# Exercise description
Exactly the lines from the one containing "Blossom Wall Hanging" through the final line of the data below, with pictures omitted, make up the answer.

*** Opening Provided data ***

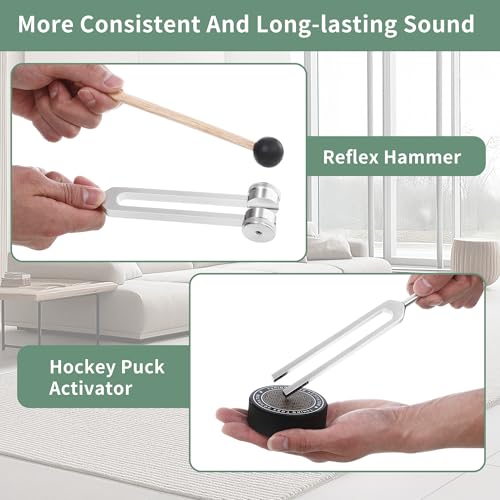 Image of Tuning Forks for Healing Set 128Hz 136.1Hz 256Hz 384Hz | Healing Instrument Tuning Forks for Meditation Yoga and Chakra Energy Sound Therapy & Stress Relief - Perfect Spiritual Gift
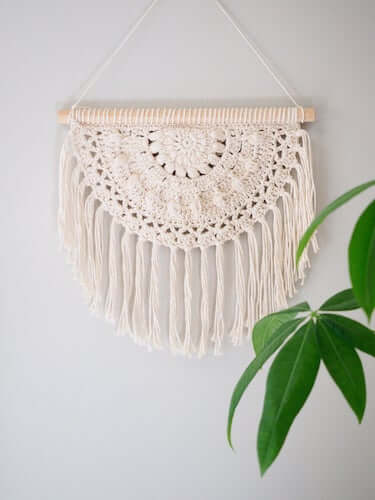 Blossom Wall Hanging Crochet Pattern by 1 Dog Woof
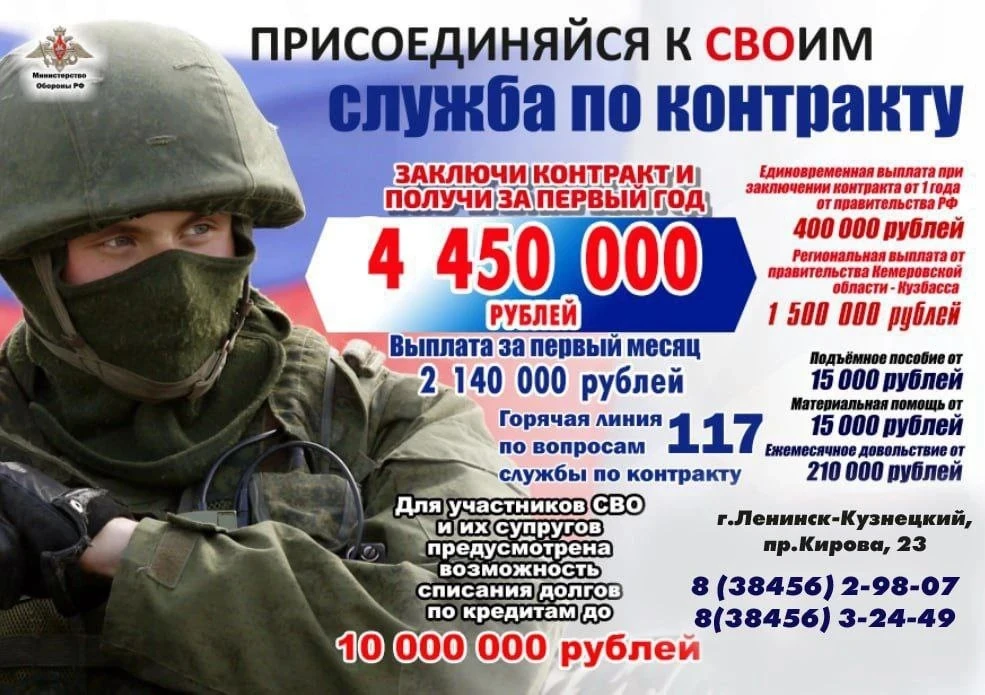 🇷🇺 Служба по контракту – выбор сильных!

*** Closing Provided data ***

# Response
 Blossom Wall Hanging Crochet Pattern by 1 Dog Woof
 🇷🇺 Служба по контракту – выбор сильных!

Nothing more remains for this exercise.